In their visit to southern California this weekend, young royals Will and Kate partied with British film and TV actors, spent the night with a British diplomat, and played British-style polo on behalf of a charity devoted to the prince. That’s pretty much it, other than a quick visit to an arts school for low-income kids and to a jobs fair for veterans on Sunday before heading out of town.
In case that itinerary leaves any doubt, the maiden voyage of these young Brits to their nation’s largest former colony is focusing “on supporting British interest in California through the prism of their own interests,” according to a release from St. James’s Palace.
In their efforts to support “British interest,” they visited a Consular-General reception “on behalf of United Kingdom Trade and Investment,” a black-tie dinner for the British Academy of Film and Television Arts, and a polo match to benefit the American Friends of the Foundation of Prince William and Prince Harry.
Clearly, these newly-minted monarchs-in-waiting feel the breath of the British taxpayer on their young necks and desire to set a new standard of serious purpose for their royal existence. According to a palace spokesman quoted in the Huffington Post, "The couple view this as a working visit, not as an opportunity for them to meet celebrities."
Really? Humble, they may be, but Barbra Streisand and Tom Hanks, guests for the Saturday soiree, not celebs? But the real question is, does this British-first-and last approach really serve your best interests?

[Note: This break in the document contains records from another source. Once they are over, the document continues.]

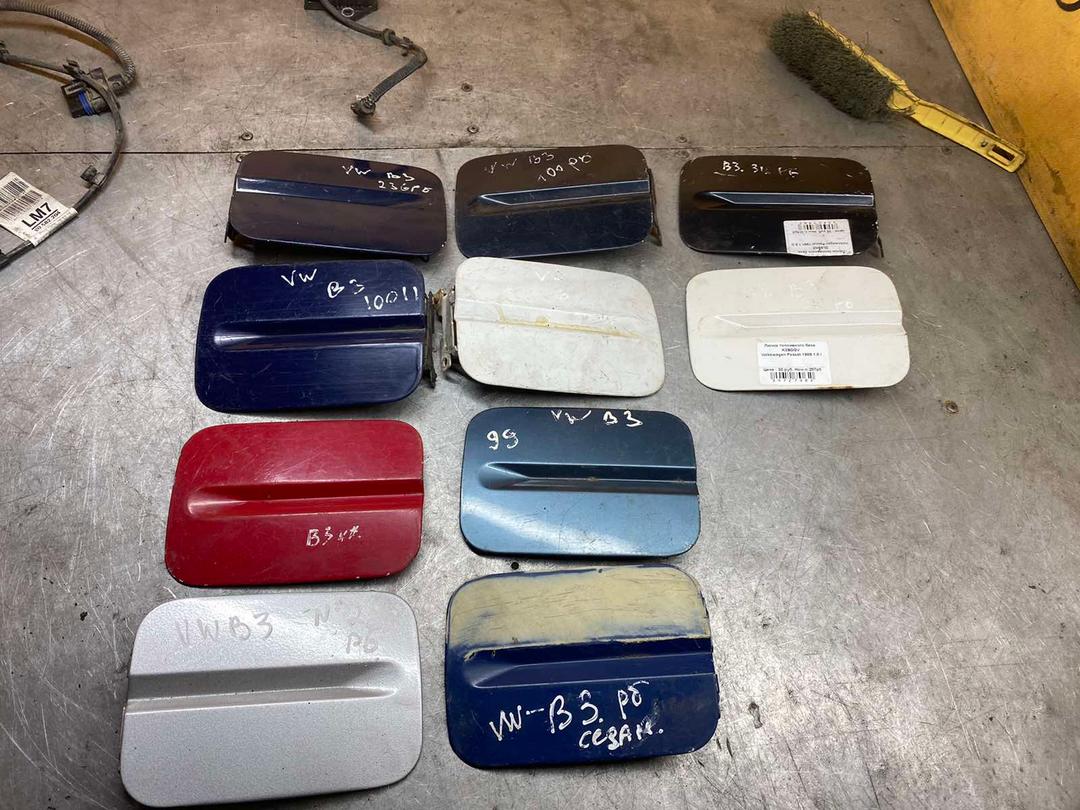 Лючок топливного бака 2P044U Volkswagen Passat купить с доставкой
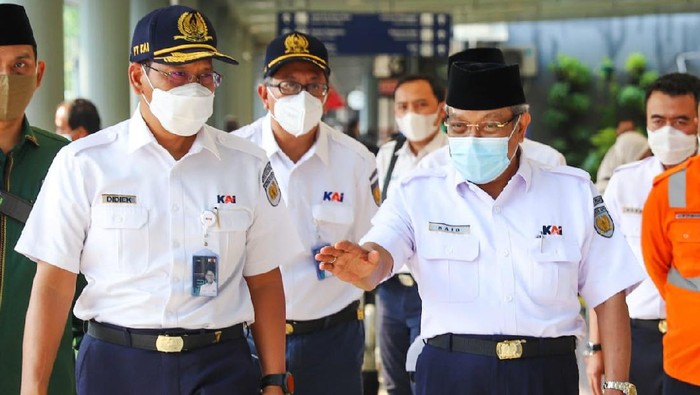 Gaya Said Aqil Blusukan di Stasiun Senen Komisaris Utama merangkap Komisaris Independen PT Kereta Api Indonesia (Persero) alias KAI Said Aqil Siroj meninjau Stasiun Pasar Senen, Jakarta, Kamis (18/3/2021). Said Aqil Siroj hadir untuk melihat secara langsung serta memastikan pelayanan di stasiun tersebut sudah berjalan dengan baik.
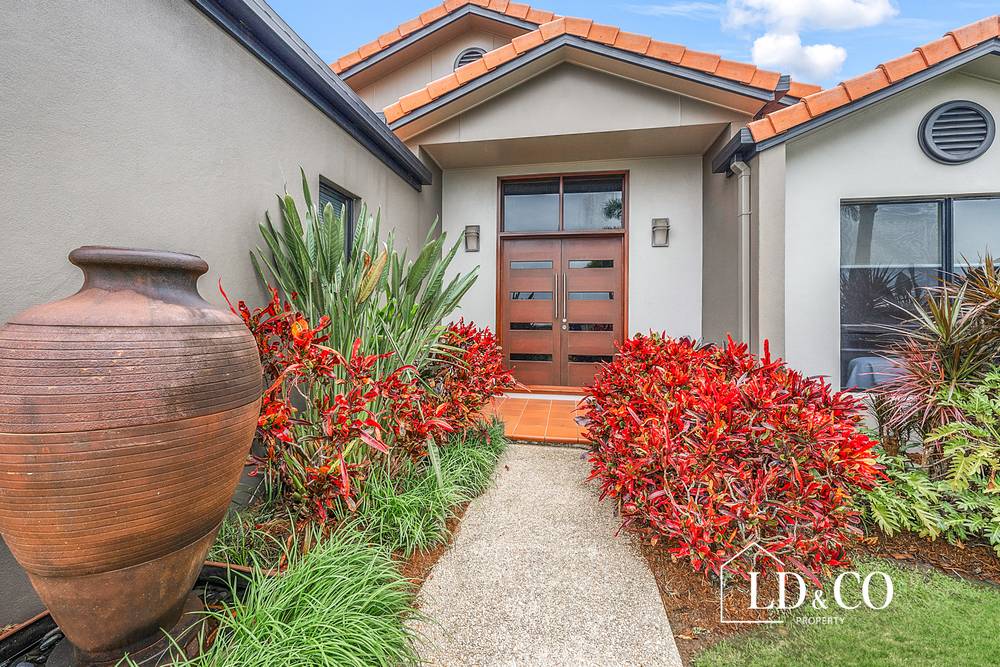 21 Theodore Crescent, RURAL VIEW, QLD 4740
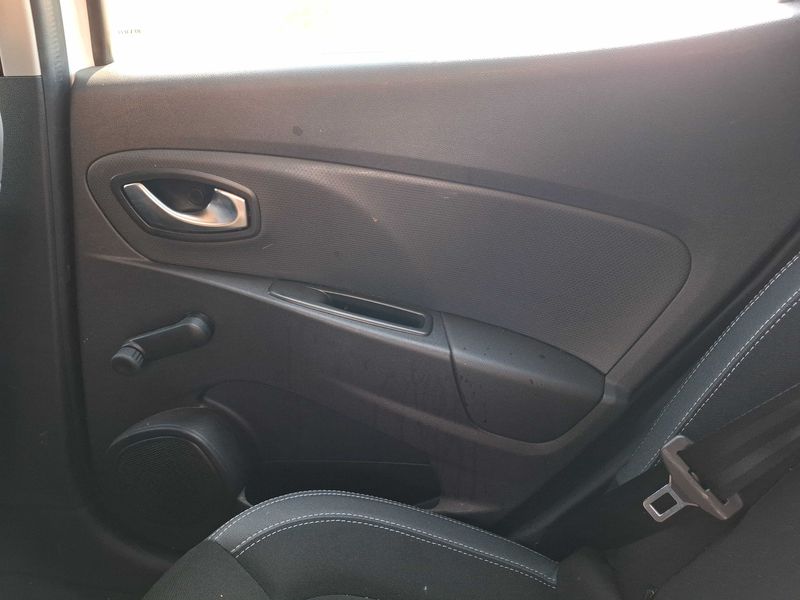 Renault Clio 1.5 dCi Energy Air 2017 – снимка 43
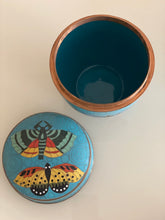 Load image into Gallery viewer, Enamel Butterfly Box
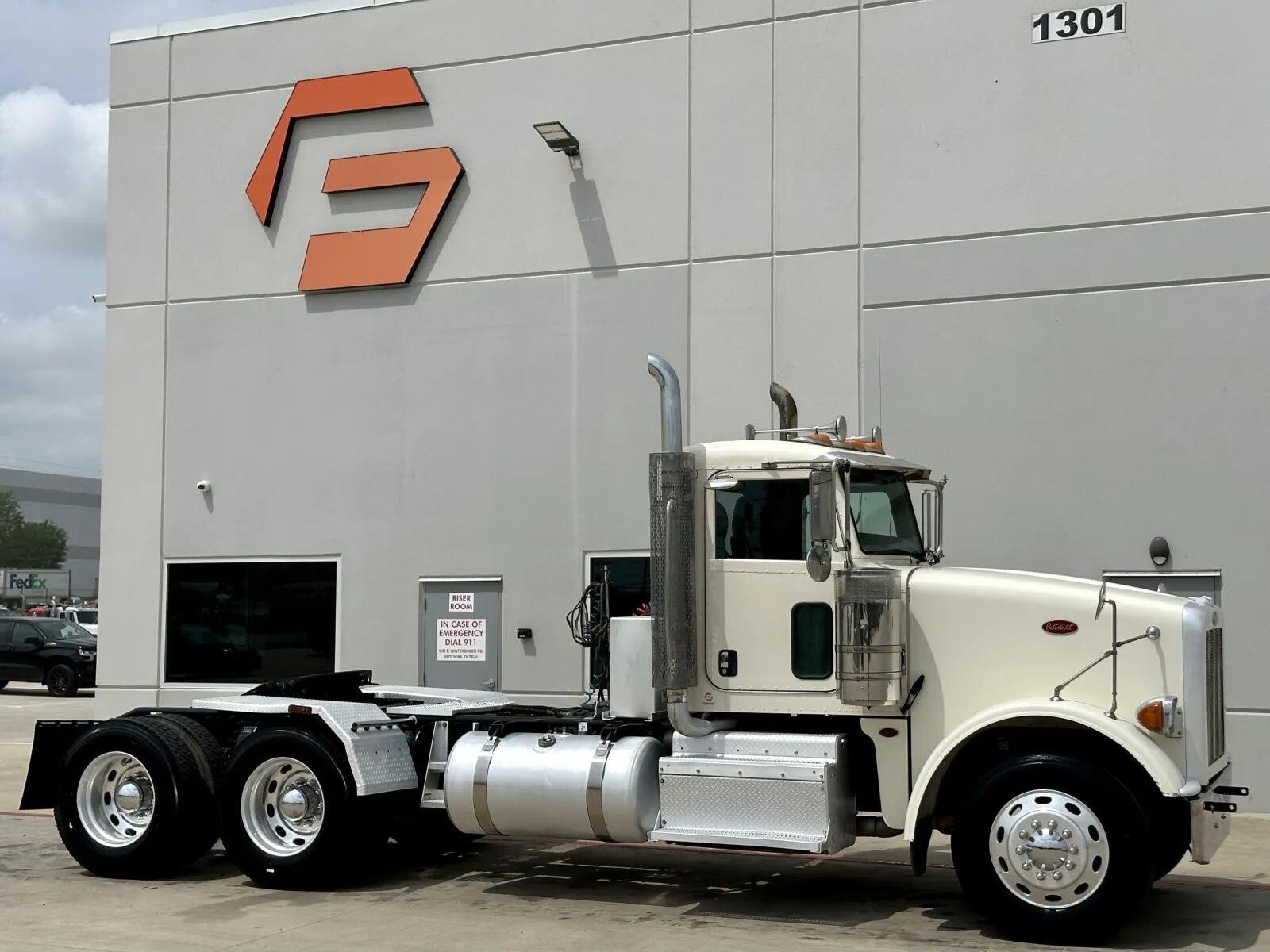 2012 PETERBILT 367 in Hutchins, TX
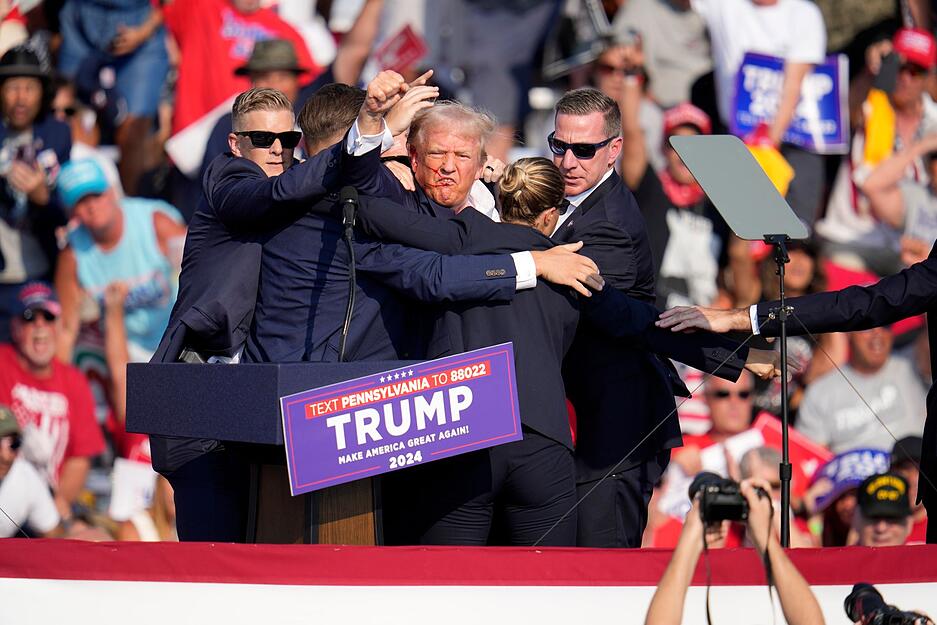 Trump blutet offenbar am Ohr.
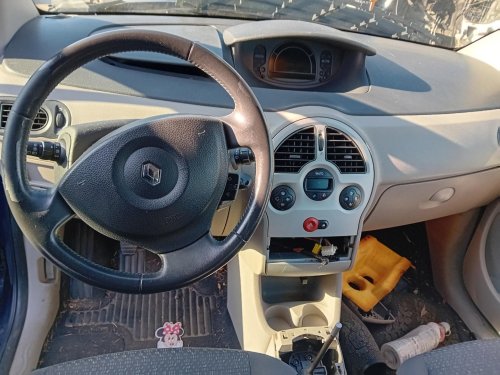  Renault Modus 1.5 ( K9K J 7 ) 60kW r.2005 modrá na náhradní díly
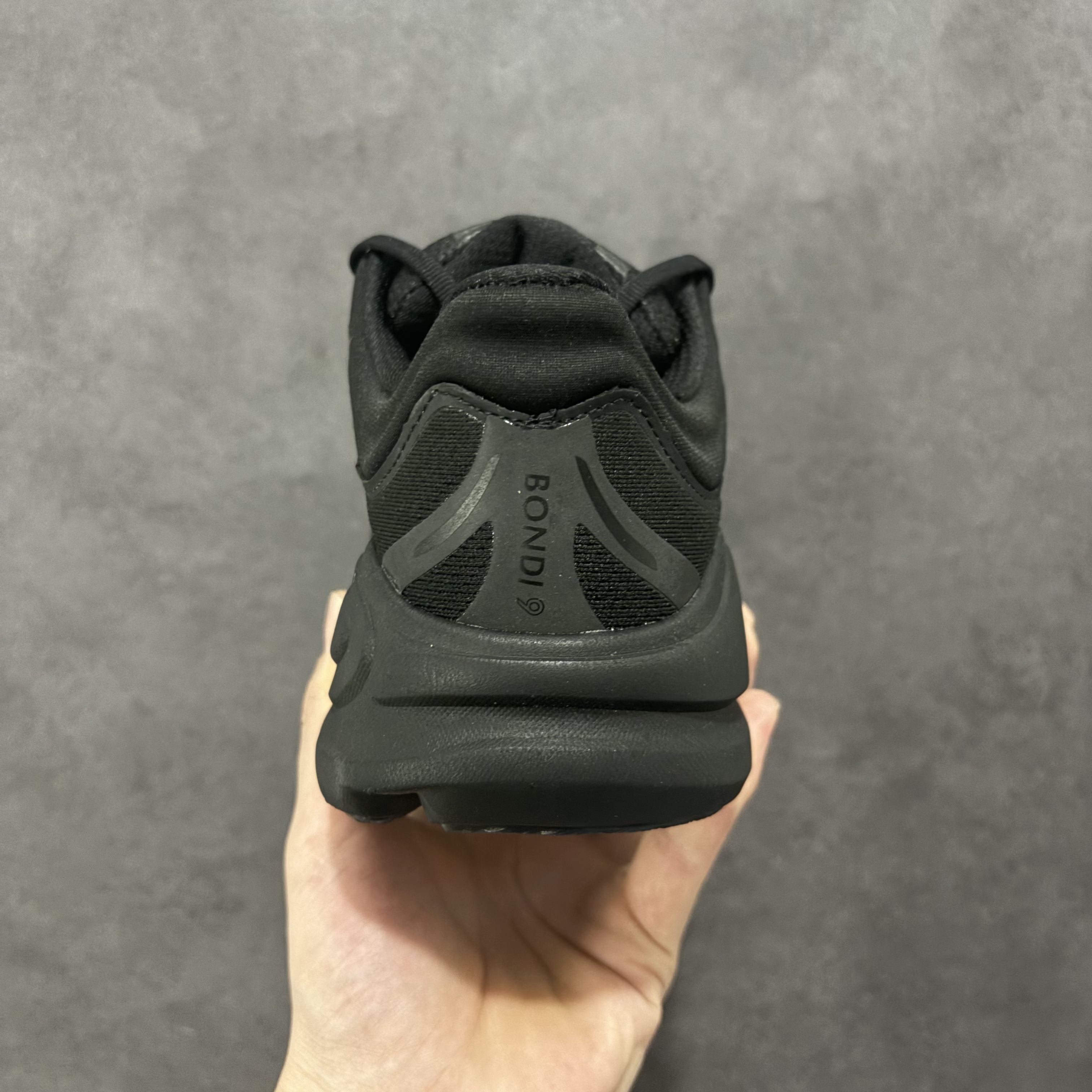 HOKA ONE ONE Bondi 9   邦迪 9 九代 舒适防滑耐磨低帮休闲跑步鞋 波鞋  黑武士 1162013-BBLC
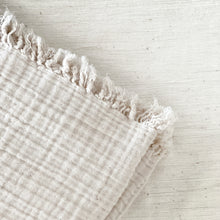Load image into Gallery viewer, Enes Bed Cover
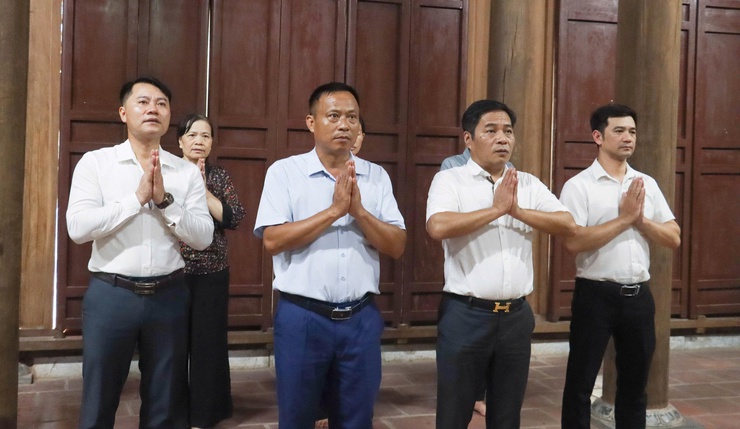 Lãnh đạo xã Đại Xuyên thăm, chúc mừng các cơ sở Phật giáo nhân dịp Đại lễ Phật đản 2026- Ảnh 3.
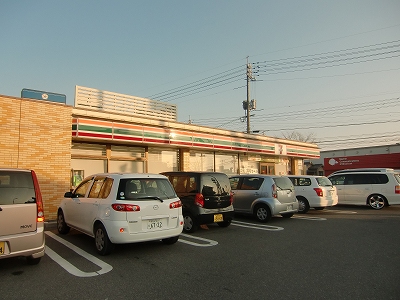 Convenience store. Seven-Eleven Okayama Noda 4-chome up (convenience store) 317m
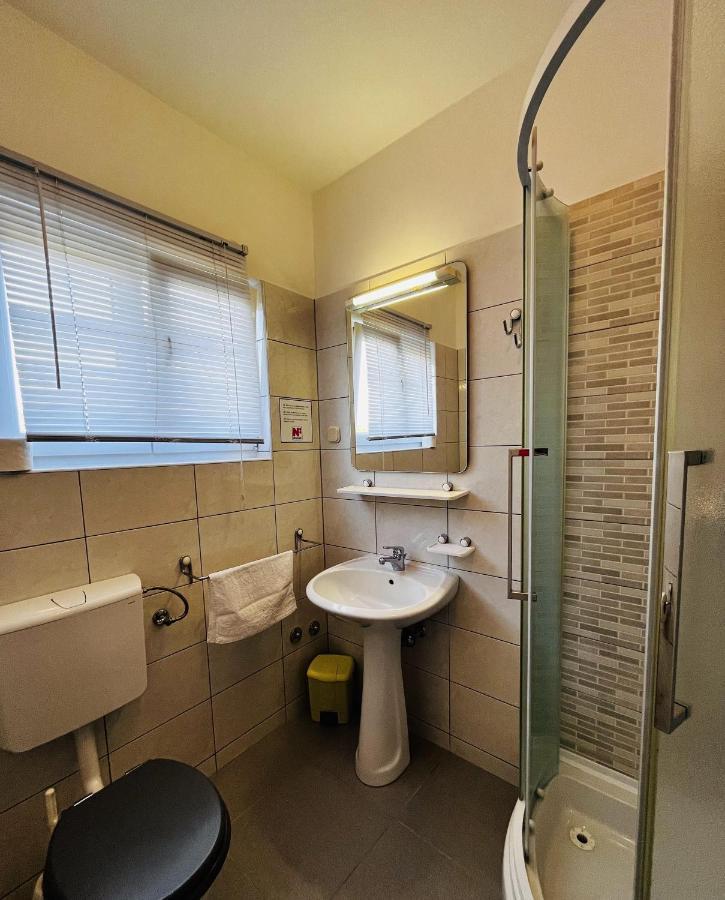 Apartmani Ivica Krk Town Luaran gambar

Let’s just call this the “When in Rome…” memo to Will and Kate.
No doubt, spontaneous hanging with the locals would be impossible, now, and probably forever. Security around the weekend residence is at a new high, with law enforcement champing at the bit to test three new untried anti-paparazzi laws enacted over the last few years. It’s hard to imagine how anything spontaneous could occur in this vise of protection. Nobody needs yet another faux-reality show, à la “Will and Kate plus 8 …million Angelenos.”
So how about a shift in perspective?
“They are going to see Hollywood’s glitzy parts and a polo match, which is fun, but they are not going to see the real L.A.,” says Janet Elliott, executive director of International Visitors Council of Los Angeles, a non-partisan, non-profit group which tries to increase international understanding and cooperation by arranging home visits for traveling leaders.
In her fantasy, William and Kate “leave their royal clothes in the closet and go have dinner with another young, hip couple just like them.”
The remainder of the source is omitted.